Over here in sunny La Esperanza we have been lucky enough to be working alongside a group of wonderful national volunteers, both from the local community in La Esperanza and the capital Tegucigalpa. Working with the national volunteers over the last few weeks it has struck me how their volunteering experience differs from ours. In our 5th week now and we UK volunteers still have much to learn about this alien culture, we are still getting used to a diet of refried beans and continue to battle daily with the depths of Spanish grammar. However, at the end of our placement sadly this will all be left behind us and our work that we have carried out here could not be further removed from our daily lives back in the UK. On the other hand the Honduran volunteers are carrying out work within their own culture and country. Not only this but many of them are working within their own community where they, and their parents before them, grew up. Once returned to the UK in five weeks’ time we can only hope that our project will have a lasting impact in the future. However, the national volunteers are either living with the effects of our project on their doorstep or looking to such projects to shape the future of their country.

With this in mind, I wanted to get an insight into a volunteering experience from a national volunteer’s point of view and therefore decided to interview Jenny Carolina Zelaya, one of our Honduran volunteers. Jenny is 24 years old, recently graduated from the Universidad Nacional in Social Work and lives in the capital Tegucigalpa with her mother, two brothers and grandmother. She kindly agreed to put up with my stilted Spanish interview as I endeavoured to find out her views on our women empowerment project, its importance in Honduras and her impressions of the UK volunteers. 

Why did you sign up to do Progressio ICS?

I’m really interested in volunteering because I want to help others. When I saw the opportunity to volunteer in La Esperanza with the Lenca community it caught my attention. I was motivated to come and support this cause, which to me seemed to suit my personality. This is because I love working with indigenous communities, with women and obviously was really interested in working alongside volunteers from abroad. 

When I found out I would be volunteering in Honduras I was personally a little apprehensive due to the security issues I had heard about in Honduras. What would you say to a UK volunteer who is in the same position? 

Foreign television, radio, internet and other media does give Honduras a bad reputation. It is true that there is much insecurity and many deaths of young people, women, men and children every day. However, in Honduras we are tired of the fact that everyday someone dies and that the many of those killed are young people. We are the future of Honduras and we are dying. This is why we need other people from around the world to help us find and reinforce solutions to these problems, which we cannot solve ourselves. 
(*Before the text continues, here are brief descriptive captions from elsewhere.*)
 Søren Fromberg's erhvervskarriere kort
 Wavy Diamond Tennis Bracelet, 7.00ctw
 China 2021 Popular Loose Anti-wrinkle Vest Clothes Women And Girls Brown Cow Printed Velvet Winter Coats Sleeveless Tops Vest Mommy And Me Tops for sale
Also I would recommend to UK volunteers to come to Honduras because you do not want to miss out on the opportunity to get to know the culture of our country. Honduras is not just about insecurity because there are many beautiful places, the people are good and kind and passionate about what they do. There are divine views, blue skies and big green mountains. There is a huge amount of potential in Honduras that you do not want to miss out on. The media will never tell you of the beautiful things and will always encourage fear, meaning that it could act as an obstacle to your dreams coming true. There is so much to learn in Honduras and the opportunity to do something different in a new place.  

What do you think is the biggest challenge facing women in Honduras today? 

There are lots of barriers that women in Honduras have to battle against but probably the biggest problem is that they are not able to enjoy the same freedoms as men. For Honduran women there is a struggle for education, a struggle for a job and a struggle for the same rights as men. There are thousands of feminist movements working for women’s rights in Honduras and some have had some success. However, we need to change the mentality of the population, which thinks that we women are only destined for the home. Women need to have other options, other roles within society that demonstrate our importance. 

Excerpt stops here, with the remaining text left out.